21. Eu me lembro da era em que se podia morrer sufocado com uma bala Soft.
22. Eu me lembro da extensão das madrugadas nos tempos da Hard Working. E que, ao sairmos do ônibus, as manhãs tinham sempre o mesmo cheiro em qualquer cidade.
23. Eu me lembro da luz de outono a tornar todos os contornos mais nítidos num meio de tarde na Plaza San Martín.
24. Eu me lembro de descobrir na literatura um espaço em que ninguém podia condicionar ou condenar meus pensamentos. Eu tinha catorze anos e o livro era Tia Júlia e o escrevinhador.
25. Eu me lembro dos tantos hotéis que meu irmão construiu no Brooklin ao jogarmos Banco Imobiliário. Nem falo de como trancava o México no War.

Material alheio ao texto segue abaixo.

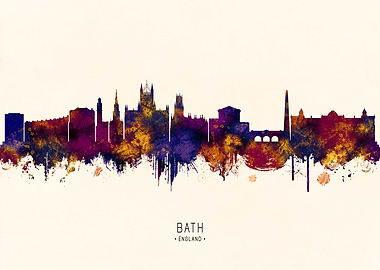 Bath England Skyline Watercolor Silhouette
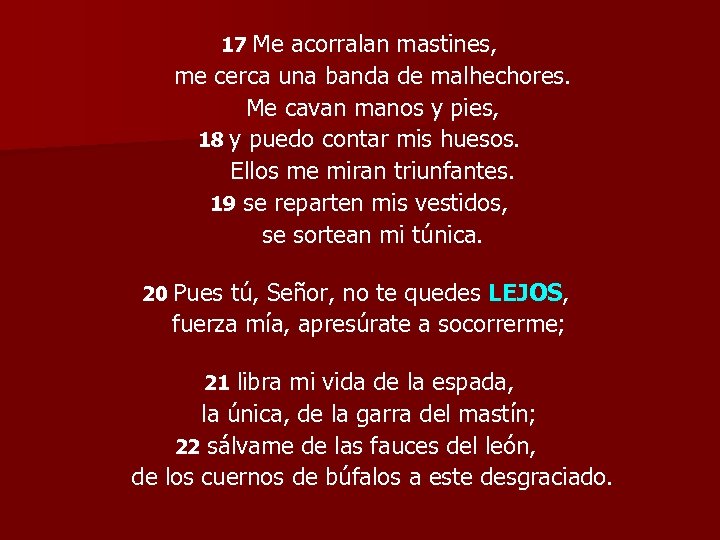 17 Me acorralan mastines, me cerca una banda de malhechores. Me cavan manos y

26. Eu me lembro da noite em que ouvi Naima do John Coltrane e nada mais foi igual.
27. Eu me lembro de barbarizarmos os carrinhos de choque no parque Tupi, com colisões frontais que tiravam faíscas do teto.
28. Eu me lembro do malévolo prazer do professor J. ao gritar meu peso nas avaliações de Educação Física.
29. Eu me lembro de ter tido coragem duas ou três vezes. E medo, por certo, algumas vezes mais.
30. Eu me lembro de que preciso terminar esta crônica, no justo instante em que começo a esquentar.